Confessions of a recovering journalist

Carey Toane, Business Reference Librarian

Published Friday, Nov. 16, 2012

My name is Carey, and I have database envy. Or rather, I did, before I started working as a reference librarian at Bronfman.

I haven’t always been a librarian, you know. In my past life, I was a journalist. Aside from the occasional freelance newspaper piece and one very fun gig as a web columnist on business etiquette (think “How to shake hands in 10 different languages”), I worked at magazines. Magazines are ideal for chatty people like me: why say in 500 words what you can say in 1,500?

More specifically, I worked in trade magazines, covering the Canadian marketing industry. I like to think of it as “business lite.” The typical story contained a few numbers and a LOT of pictures.

I didn’t choose the field as much as it chose me. My first job out of j-school (that’s journalism school to you) was as a staff writer at Marketing Magazine, where I wrote about homegrown advertising campaigns, interviewed bombastic creative directors, and tried to wrap my head around media buys. This thing called the internet was just taking off then, and there were loft parties featuring DJs and trampolines and rooms carpeted with real live grass thrown by dot-com companies whose names I can’t remember, which is okay because none of them exist anymore, anyway. This was called “research.” But I digress.

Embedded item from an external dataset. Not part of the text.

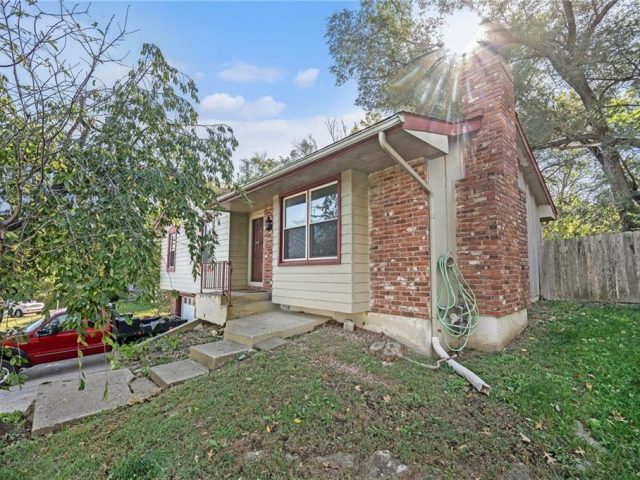 Homes for Sale in Kansas City, MO 64152 | 7609 NW 73rd Street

After an extended stint as a web copywriter and a pause for a master’s degree, I came back to journalism and got a job as an editor at strategy magazine, the direct competitor to Marketing. At strategy I interviewed dozens of VPs marketing and CEOs of major Canadian brands, from LG to Ford to Lululemon to McDonald’s. To prepare for an interview, I would trawl the company website for annual reports and press releases, and read every profile and article I could find online. I was Facebook friends with more corporations than I care to admit. Depending on the company, there was either a rushing river of information or, in many cases, a trickle.

If only I’d had access then to the kind of databases we have at Bronfman. Sometimes I walk into the library and resist the urge to skip and frolic like Veruca Salt in Willy Wonka’s Chocolate Room. Market share? Child’s play! Industry forecasts? Sustainability reports? Supply chain? Check, check, check. The research tools we have are so tantalizing, I’m surprised that more business journalists don’t pose as Schulich students at the reference desk. (Be warned: I will spot you if you try.)

I can honestly say that my motivation to become a librarian had much to do with finding a cure for this database envy. There’s nothing more satisfying than finding the answer to your question. I’m the kind of person who likes to have it all at her fingertips. And now, relatively speaking, I do.